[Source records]

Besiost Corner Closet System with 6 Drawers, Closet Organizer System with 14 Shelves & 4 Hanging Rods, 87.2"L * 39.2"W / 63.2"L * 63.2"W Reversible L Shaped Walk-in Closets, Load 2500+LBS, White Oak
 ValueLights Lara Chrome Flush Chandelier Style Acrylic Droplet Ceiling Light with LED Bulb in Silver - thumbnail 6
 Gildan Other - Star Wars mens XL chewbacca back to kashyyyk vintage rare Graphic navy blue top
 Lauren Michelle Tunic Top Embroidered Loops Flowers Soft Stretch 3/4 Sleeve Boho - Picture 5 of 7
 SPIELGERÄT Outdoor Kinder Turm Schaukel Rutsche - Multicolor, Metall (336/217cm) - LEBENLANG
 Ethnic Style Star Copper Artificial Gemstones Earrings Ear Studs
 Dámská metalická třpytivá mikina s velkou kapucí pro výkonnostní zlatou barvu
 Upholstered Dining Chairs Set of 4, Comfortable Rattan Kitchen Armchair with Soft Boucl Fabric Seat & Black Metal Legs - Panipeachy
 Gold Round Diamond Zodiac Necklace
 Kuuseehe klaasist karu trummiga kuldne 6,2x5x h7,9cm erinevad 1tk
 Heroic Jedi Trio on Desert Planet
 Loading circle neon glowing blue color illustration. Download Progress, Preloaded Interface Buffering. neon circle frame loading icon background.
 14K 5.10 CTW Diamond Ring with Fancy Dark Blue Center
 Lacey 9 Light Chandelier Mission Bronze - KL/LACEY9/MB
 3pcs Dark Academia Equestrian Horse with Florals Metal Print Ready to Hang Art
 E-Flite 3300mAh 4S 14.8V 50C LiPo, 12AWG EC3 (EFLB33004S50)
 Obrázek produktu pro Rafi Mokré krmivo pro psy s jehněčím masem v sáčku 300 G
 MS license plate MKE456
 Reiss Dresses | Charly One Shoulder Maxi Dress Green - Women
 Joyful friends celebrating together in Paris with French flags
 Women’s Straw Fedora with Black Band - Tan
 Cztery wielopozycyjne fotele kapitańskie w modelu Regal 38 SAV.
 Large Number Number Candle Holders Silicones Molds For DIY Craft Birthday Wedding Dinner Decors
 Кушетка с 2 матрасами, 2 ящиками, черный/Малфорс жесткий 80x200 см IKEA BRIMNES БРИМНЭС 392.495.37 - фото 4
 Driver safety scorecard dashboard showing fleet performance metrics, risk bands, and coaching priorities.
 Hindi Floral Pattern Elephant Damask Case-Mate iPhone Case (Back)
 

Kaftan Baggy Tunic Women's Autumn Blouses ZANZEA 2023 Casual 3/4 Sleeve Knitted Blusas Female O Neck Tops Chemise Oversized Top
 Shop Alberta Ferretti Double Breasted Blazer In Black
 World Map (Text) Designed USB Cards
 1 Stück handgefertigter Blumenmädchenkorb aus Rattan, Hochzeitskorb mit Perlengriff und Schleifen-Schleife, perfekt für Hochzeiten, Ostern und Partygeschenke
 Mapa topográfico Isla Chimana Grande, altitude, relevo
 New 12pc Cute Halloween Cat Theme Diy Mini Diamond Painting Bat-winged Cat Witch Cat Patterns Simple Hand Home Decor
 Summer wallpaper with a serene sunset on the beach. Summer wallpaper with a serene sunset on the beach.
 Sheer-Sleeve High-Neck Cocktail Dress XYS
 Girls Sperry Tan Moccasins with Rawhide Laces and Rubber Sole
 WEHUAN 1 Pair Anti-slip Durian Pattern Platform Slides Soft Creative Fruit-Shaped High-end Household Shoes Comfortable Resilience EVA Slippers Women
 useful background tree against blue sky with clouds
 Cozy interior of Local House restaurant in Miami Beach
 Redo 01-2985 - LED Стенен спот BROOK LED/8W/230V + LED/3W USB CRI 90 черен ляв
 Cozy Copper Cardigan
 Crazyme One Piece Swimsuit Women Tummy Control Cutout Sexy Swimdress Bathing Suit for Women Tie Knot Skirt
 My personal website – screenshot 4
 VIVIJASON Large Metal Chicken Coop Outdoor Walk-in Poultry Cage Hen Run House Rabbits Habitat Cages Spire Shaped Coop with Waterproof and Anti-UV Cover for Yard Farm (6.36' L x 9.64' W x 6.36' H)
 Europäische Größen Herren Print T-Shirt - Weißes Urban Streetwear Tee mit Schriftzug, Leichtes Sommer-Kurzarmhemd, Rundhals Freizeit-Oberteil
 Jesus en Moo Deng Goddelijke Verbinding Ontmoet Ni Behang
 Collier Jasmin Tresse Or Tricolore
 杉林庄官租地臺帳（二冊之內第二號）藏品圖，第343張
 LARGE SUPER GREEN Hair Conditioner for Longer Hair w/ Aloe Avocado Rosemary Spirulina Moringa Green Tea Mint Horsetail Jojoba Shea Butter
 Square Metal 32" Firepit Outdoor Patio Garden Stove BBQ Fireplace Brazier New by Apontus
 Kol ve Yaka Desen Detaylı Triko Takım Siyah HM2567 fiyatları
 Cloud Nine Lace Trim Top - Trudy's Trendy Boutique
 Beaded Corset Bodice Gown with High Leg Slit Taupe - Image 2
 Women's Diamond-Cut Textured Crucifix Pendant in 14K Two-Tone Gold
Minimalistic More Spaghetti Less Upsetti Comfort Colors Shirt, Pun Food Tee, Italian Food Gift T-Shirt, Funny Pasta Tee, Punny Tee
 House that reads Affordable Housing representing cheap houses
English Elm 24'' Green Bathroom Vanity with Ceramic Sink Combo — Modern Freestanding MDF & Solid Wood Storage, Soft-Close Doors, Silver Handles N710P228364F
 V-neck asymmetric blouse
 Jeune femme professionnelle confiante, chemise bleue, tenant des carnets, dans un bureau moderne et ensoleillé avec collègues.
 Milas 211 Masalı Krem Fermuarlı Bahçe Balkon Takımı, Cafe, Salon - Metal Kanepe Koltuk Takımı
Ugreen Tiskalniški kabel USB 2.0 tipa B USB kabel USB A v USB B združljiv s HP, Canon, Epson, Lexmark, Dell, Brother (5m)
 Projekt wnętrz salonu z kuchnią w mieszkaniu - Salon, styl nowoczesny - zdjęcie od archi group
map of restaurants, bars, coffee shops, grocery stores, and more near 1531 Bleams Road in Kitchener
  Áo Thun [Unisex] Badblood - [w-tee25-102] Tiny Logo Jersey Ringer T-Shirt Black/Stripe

## TO DO
Take the lines from the top of the data through the one that contains "Upholstered Dining Chairs" and copy them exactly, leaving out every line after it.

## YOUR RESPONSE
Besiost Corner Closet System with 6 Drawers, Closet Organizer System with 14 Shelves & 4 Hanging Rods, 87.2"L * 39.2"W / 63.2"L * 63.2"W Reversible L Shaped Walk-in Closets, Load 2500+LBS, White Oak
 ValueLights Lara Chrome Flush Chandelier Style Acrylic Droplet Ceiling Light with LED Bulb in Silver - thumbnail 6
 Gildan Other - Star Wars mens XL chewbacca back to kashyyyk vintage rare Graphic navy blue top
 Lauren Michelle Tunic Top Embroidered Loops Flowers Soft Stretch 3/4 Sleeve Boho - Picture 5 of 7
 SPIELGERÄT Outdoor Kinder Turm Schaukel Rutsche - Multicolor, Metall (336/217cm) - LEBENLANG
 Ethnic Style Star Copper Artificial Gemstones Earrings Ear Studs
 Dámská metalická třpytivá mikina s velkou kapucí pro výkonnostní zlatou barvu
 Upholstered Dining Chairs Set of 4, Comfortable Rattan Kitchen Armchair with Soft Boucl Fabric Seat & Black Metal Legs - Panipeachy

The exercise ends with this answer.